What is needed
Return the material below exactly, but only from the line with "Alt view image" through the line with "do SMTP server", and without its pictures.

Record set
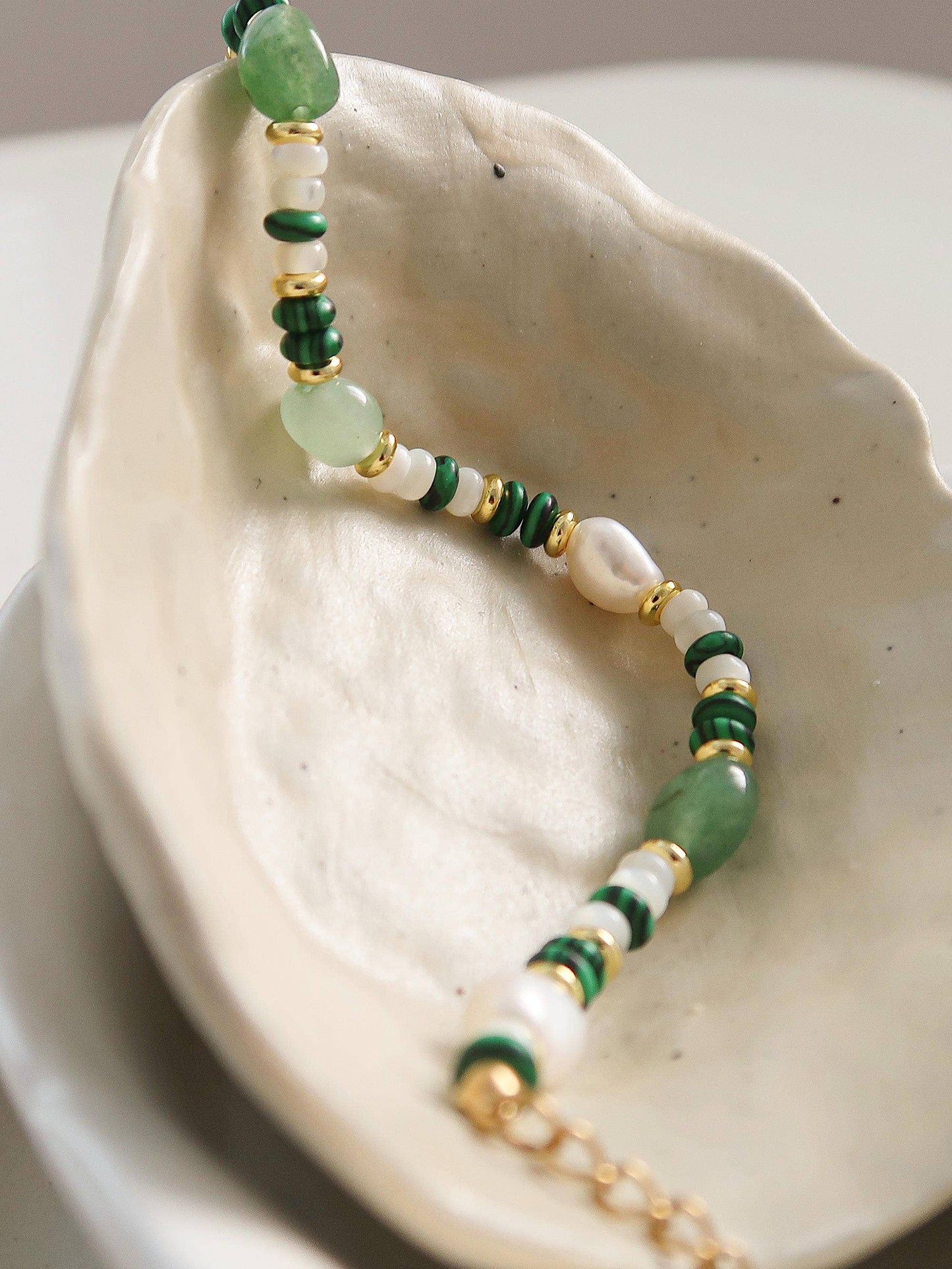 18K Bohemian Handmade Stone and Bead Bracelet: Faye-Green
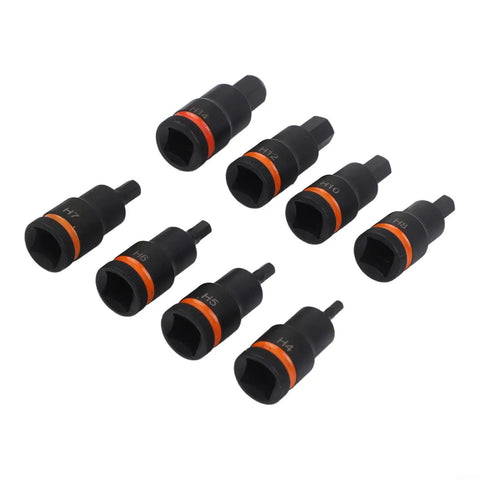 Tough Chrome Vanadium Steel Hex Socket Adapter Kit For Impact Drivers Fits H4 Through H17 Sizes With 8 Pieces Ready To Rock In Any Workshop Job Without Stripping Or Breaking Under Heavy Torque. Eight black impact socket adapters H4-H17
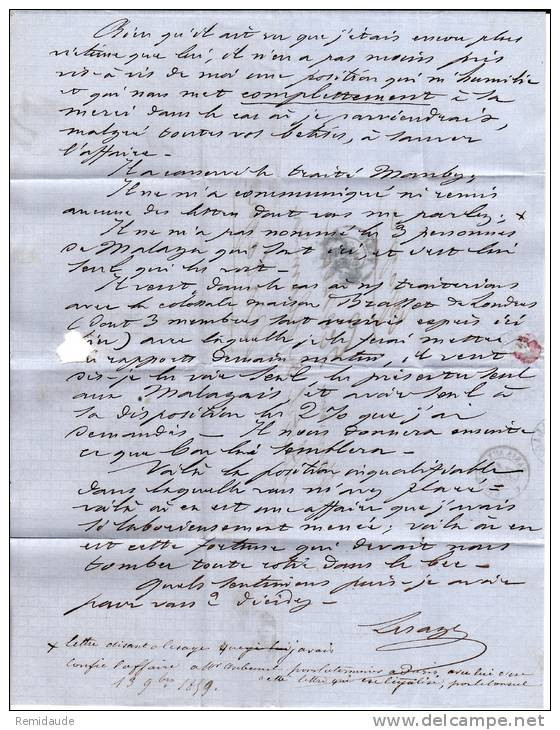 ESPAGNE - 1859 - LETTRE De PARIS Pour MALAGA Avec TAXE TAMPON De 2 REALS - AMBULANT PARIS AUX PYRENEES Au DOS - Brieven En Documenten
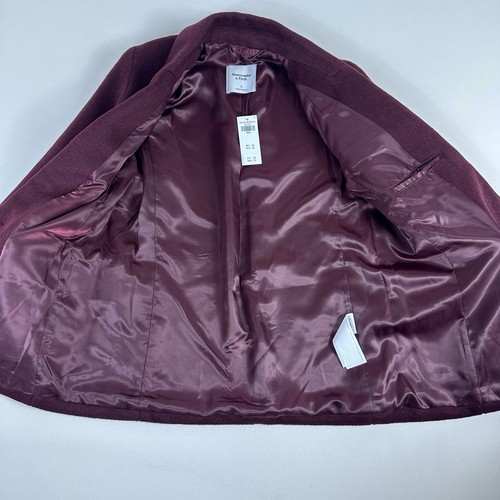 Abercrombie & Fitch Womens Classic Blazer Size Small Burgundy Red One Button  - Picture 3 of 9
--
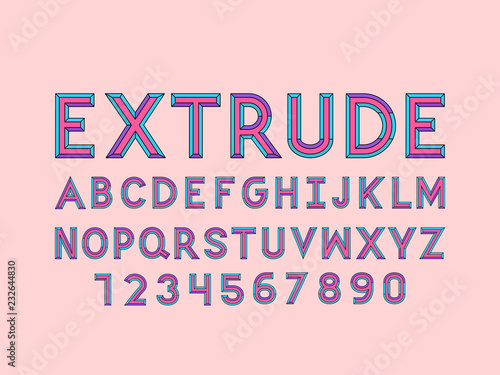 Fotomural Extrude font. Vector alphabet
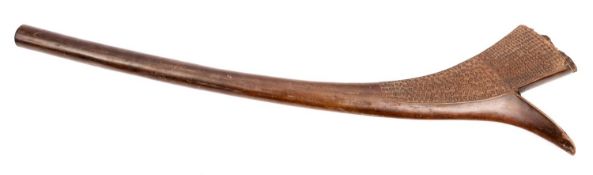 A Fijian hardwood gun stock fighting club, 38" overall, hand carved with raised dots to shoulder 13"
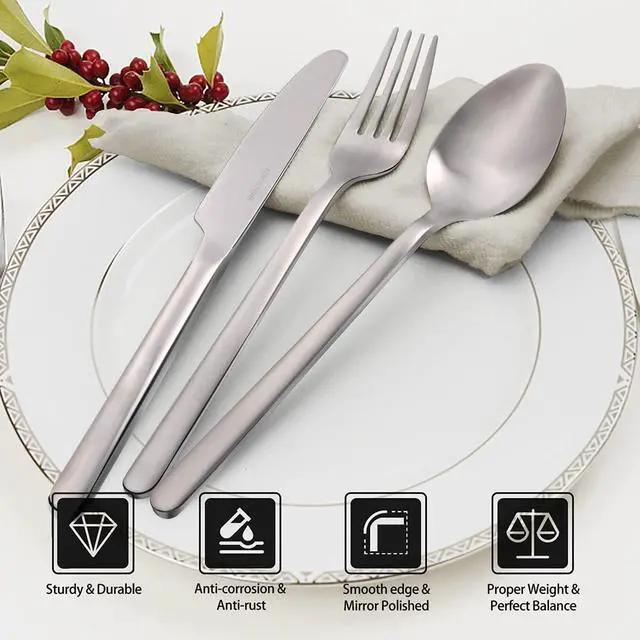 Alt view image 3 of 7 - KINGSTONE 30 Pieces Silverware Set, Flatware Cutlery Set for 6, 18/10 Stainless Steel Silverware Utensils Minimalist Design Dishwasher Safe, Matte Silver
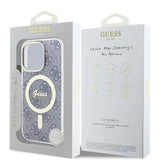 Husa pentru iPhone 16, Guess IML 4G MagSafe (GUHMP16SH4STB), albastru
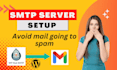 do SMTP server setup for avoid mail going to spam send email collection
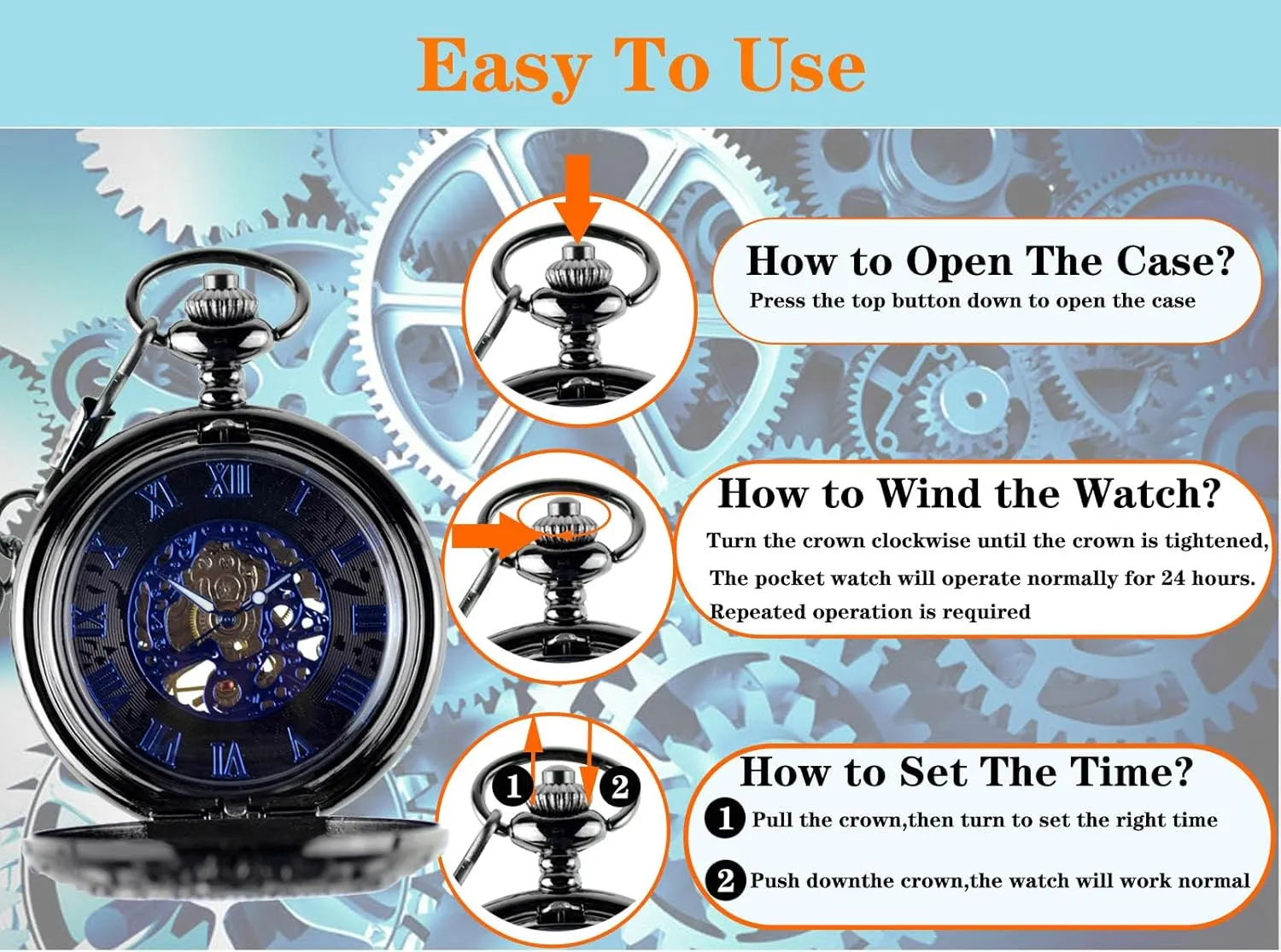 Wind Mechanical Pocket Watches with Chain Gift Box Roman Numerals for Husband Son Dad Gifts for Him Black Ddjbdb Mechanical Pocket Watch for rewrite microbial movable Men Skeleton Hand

Output for this task
 Alt view image 3 of 7 - KINGSTONE 30 Pieces Silverware Set, Flatware Cutlery Set for 6, 18/10 Stainless Steel Silverware Utensils Minimalist Design Dishwasher Safe, Matte Silver
 Husa pentru iPhone 16, Guess IML 4G MagSafe (GUHMP16SH4STB), albastru
 do SMTP server setup for avoid mail going to spam send email collection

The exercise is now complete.